Image-caption web data =
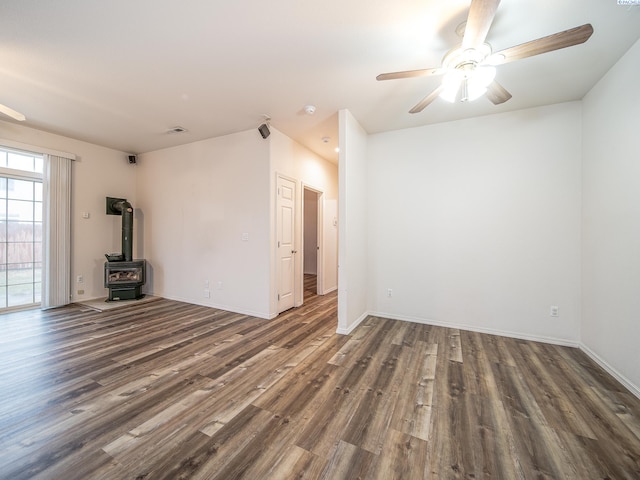 unfurnished room featuring a wood stove, dark wood-type flooring, and ceiling fan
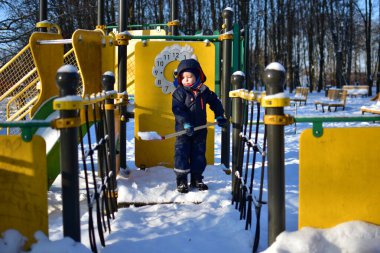 Küçük çocuk elinde küçük kırmızı bir kürekle karlı bir köprüde duruyor. Kışlık parkı keşfetmek için sıcak giyimli bir çocuk güneşli soğuk bir günde karla kaplı zemin ile.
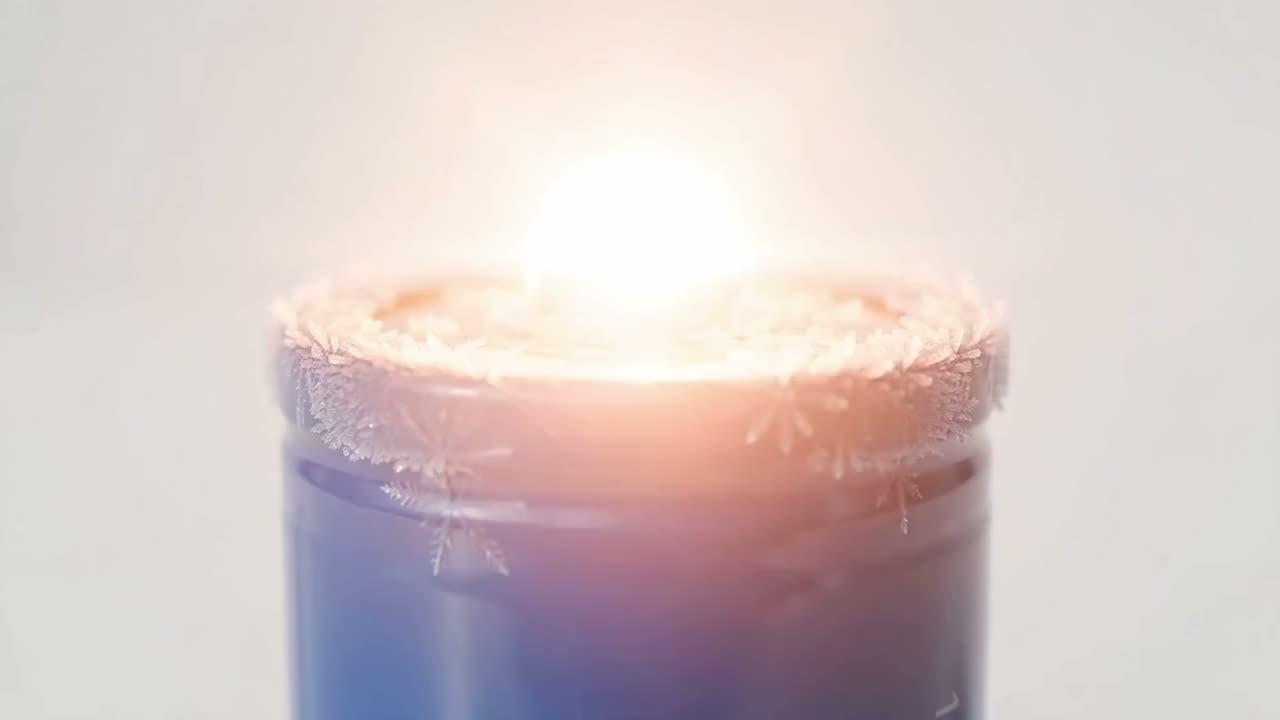 A cylindrical cell bursts open in a flash of light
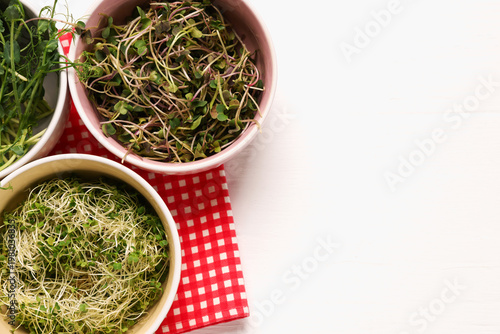 Different types of microgreens on white tiled table, flat lay. Space for text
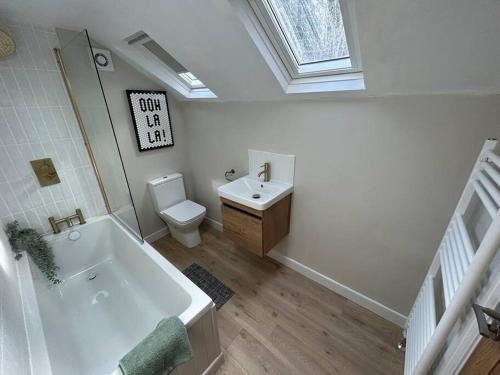 a bathroom with a tub and a toilet and a sink at Caernarfon modern townhouse Snowdonia in Caernarfon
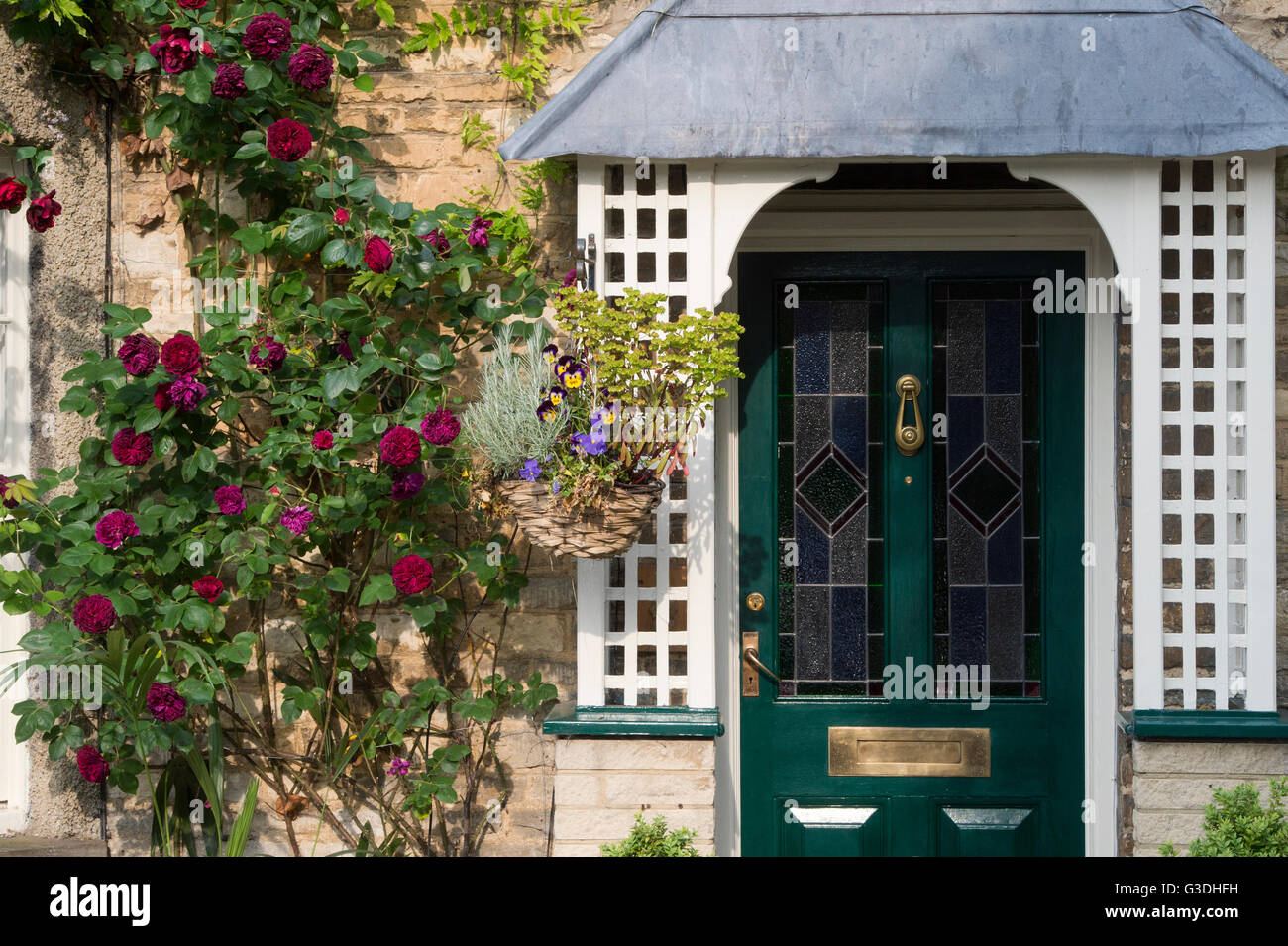 Rose rosse sulla parte anteriore di una casa di pietra. Bampton, Oxfordshire, Inghilterra Foto Stock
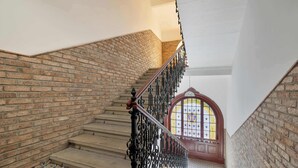 Una escalera con un muro de ladrillo a un lado y un muro blanco al otro, que conduce a una habitación con un vitral.
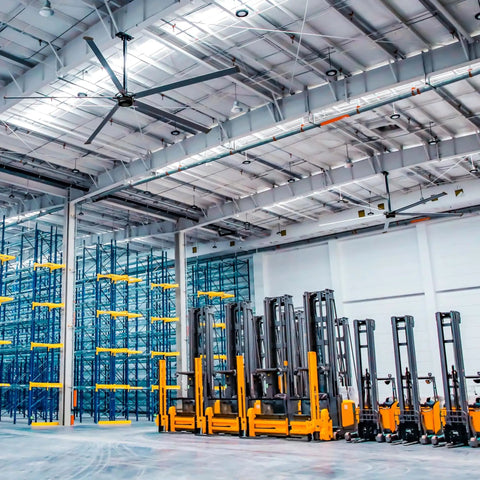 Heavy Duty 18Ft Hvls Industrial Ceiling Fan serving up slick air flow to warehouses and factories, with forklifts below.
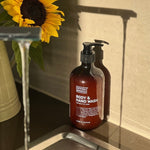 Amber Noosa Basics Coconut and Lime Body and Hand Wash pump bottle beside a kitchen sink and a vase of sunflowers in warm sunlight.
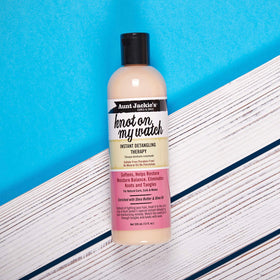 Aunt Jackie's bottle on bathroom shelf conveying convenient everyday use and accessibility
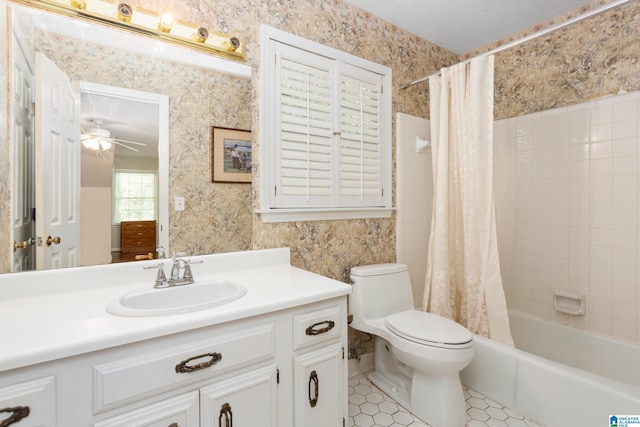 bathroom with a ceiling fan, toilet, a textured ceiling, and wallpapered walls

WHAT YOU HAVE TO DO = The result should be the same data as above, line for line, with the pictures gone.

EXERCISE SOLUTION =
 unfurnished room featuring a wood stove, dark wood-type flooring, and ceiling fan
 Küçük çocuk elinde küçük kırmızı bir kürekle karlı bir köprüde duruyor. Kışlık parkı keşfetmek için sıcak giyimli bir çocuk güneşli soğuk bir günde karla kaplı zemin ile.
 A cylindrical cell bursts open in a flash of light
 Different types of microgreens on white tiled table, flat lay. Space for text
 a bathroom with a tub and a toilet and a sink at Caernarfon modern townhouse Snowdonia in Caernarfon
 Rose rosse sulla parte anteriore di una casa di pietra. Bampton, Oxfordshire, Inghilterra Foto Stock
 Una escalera con un muro de ladrillo a un lado y un muro blanco al otro, que conduce a una habitación con un vitral.
 Heavy Duty 18Ft Hvls Industrial Ceiling Fan serving up slick air flow to warehouses and factories, with forklifts below.
 Amber Noosa Basics Coconut and Lime Body and Hand Wash pump bottle beside a kitchen sink and a vase of sunflowers in warm sunlight.
 Aunt Jackie's bottle on bathroom shelf conveying convenient everyday use and accessibility
 bathroom with a ceiling fan, toilet, a textured ceiling, and wallpapered walls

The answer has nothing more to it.